LE JOURNAL DU DROIT DES JEUNES

L'éditorial de Benoît Van Keirsbilck dans le JDJ N°310

L'arrêté Fonck mis au secret

L'arrêté qui fixe les conditions d'agrément des services d'aide en milieu ouvert (AMO pour les intimes) vient une nouvelle fois d'être modifié par le Gouvernement de la Fédération Wallonie-Bruxelles à l'initiative de la Ministre Huytebroeck.

On se souviendra de la modification obtenue par la Ministre Fonck en 2008 : pratiquement tout le secteur s'y était opposé. L'arrêté Fonck avait trouvé grâce aux seuls yeux du Conseil d’État, qui n'avait vu aucun problème que l’on prévoie dans un même article le respect du secret professionnel et l'obligation d'informer «l’instance de décision, le procureur du Roi ou l’organisme qui a orienté, par simple notification, si une action d’aide est entreprise, poursuivie ou clôturée» ou même de «transmettre à cette instance de décision, au procureur du Roi ou à l’organisme qui a orienté le jeune, une information, y compris écrite, sur les modalités de l’aide apportée au jeune par le service».

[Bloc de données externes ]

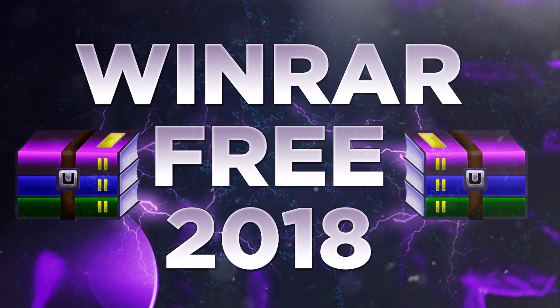What's up guys, it's Instinct here and today I'll be showing you guys how to get WinRAR for free on Windows 7, 8, and 10 in 2018.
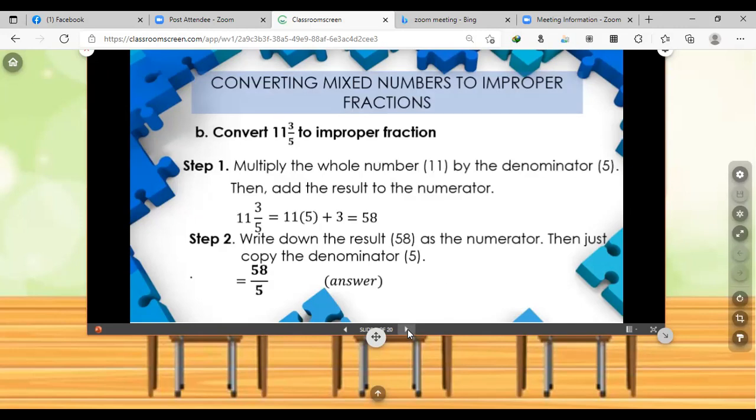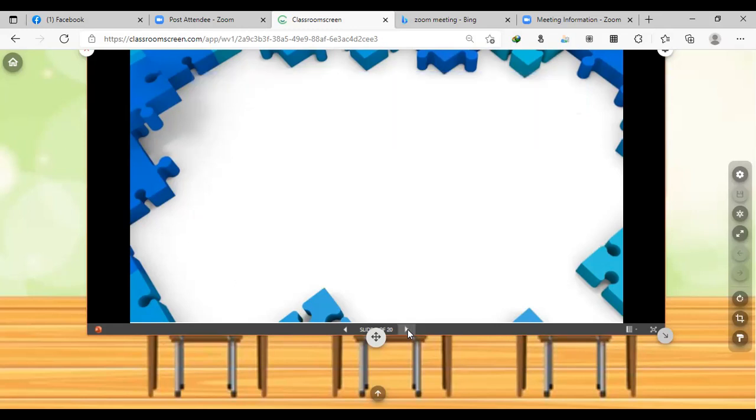For example B, convert 11 and 3/5 to an improper fraction. Step 1: multiply 5 by 11 to get 55, then add the numerator 3: 55 plus 3 equals 58. Step 2: write down 58 as the numerator and copy the denominator 5. The final answer is 58/5.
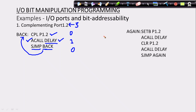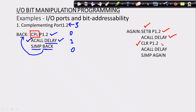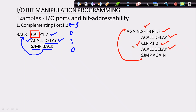Another way to write the same program is using SETB and CLR instead of CPL. The sequence is: SETB P1.2, ACALL delay, CLR P1.2, ACALL delay, SJMP BACK. This repeatedly sets then clears the pin after each delay, achieving the same complementing effect.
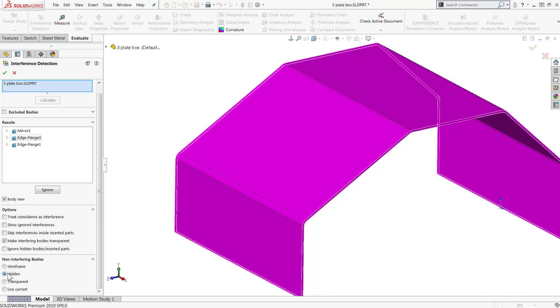As we've seen, SOLIDWORKS 2019 has extended one of the most important evaluation tools for assemblies to users who frequent the use of multi-body part files, and this is just one of many great enhancements this year.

Le politique aura donc fait ce que le judiciaire (Conseil d'Etat) n'a pas été capable de faire; beau paradoxe. Cet article aura vécu, le nouvel arrêté revenant à un bien meilleur équilibre et certainement à plus de cohérence, n'en déplaise à certains conseillers d'aide à la jeunesse qui y avaient vu une manière commode d'instrumentaliser les AMO (avec d'ailleurs la complicité active de certaines d'entre elles).

Il comporte aussi une importante nouveauté: la création d'une catégorie d'AMO (à côté de ceux qui proposent un accueil 24h/24) «spécialisées dans l'aide juridique à titre principal». Plus question de dire que les associations qui proposent une aide socio-juridique aux jeunes ne sont pas des «vraies AMO», comme on l'entendait si souvent; elles ont donc réellement leur place, à côté de toutes les autres qui utilisent d'autres outils de travail social. Leur mission spécifique :

  • Dispenser aux jeunes, à leur famille et aux familiers, dans un langage adapté, une information juridique complète et adéquate, leur permettant de mieux comprendre leur environnement légal et social et ainsi de faire des choix et d'agir en connaissance de cause et de les accompagner dans les démarches juridiques et sociales en leur donnant l'occasion de faire valoir leurs droits, y compris le cas échéant par voie judiciaire;
  • Améliorer le statut juridique et social des jeunes, notamment en favorisant ou relayant leur parole auprès des instances politiques et sociales ou en interpellant ces mêmes instances sur leur respect des droits fondamentaux des enfants, des jeunes et des familles;
  • Partager leurs connaissances spécifi ques avec d’autres institutions relevant ou non du secteur de l’Aide à la jeunesse.

Une modification qui a tout son sens pour que le respect du droit des jeunes soit plus qu'un beau discours, et trouve à s'incarner dans la pratique des organisations actives dans l'aide à la jeunesse (et plus largement) jour après jour, aucun service ne pouvant se dispenser de maîtriser un minimum l'outil juridique dans son action sociale.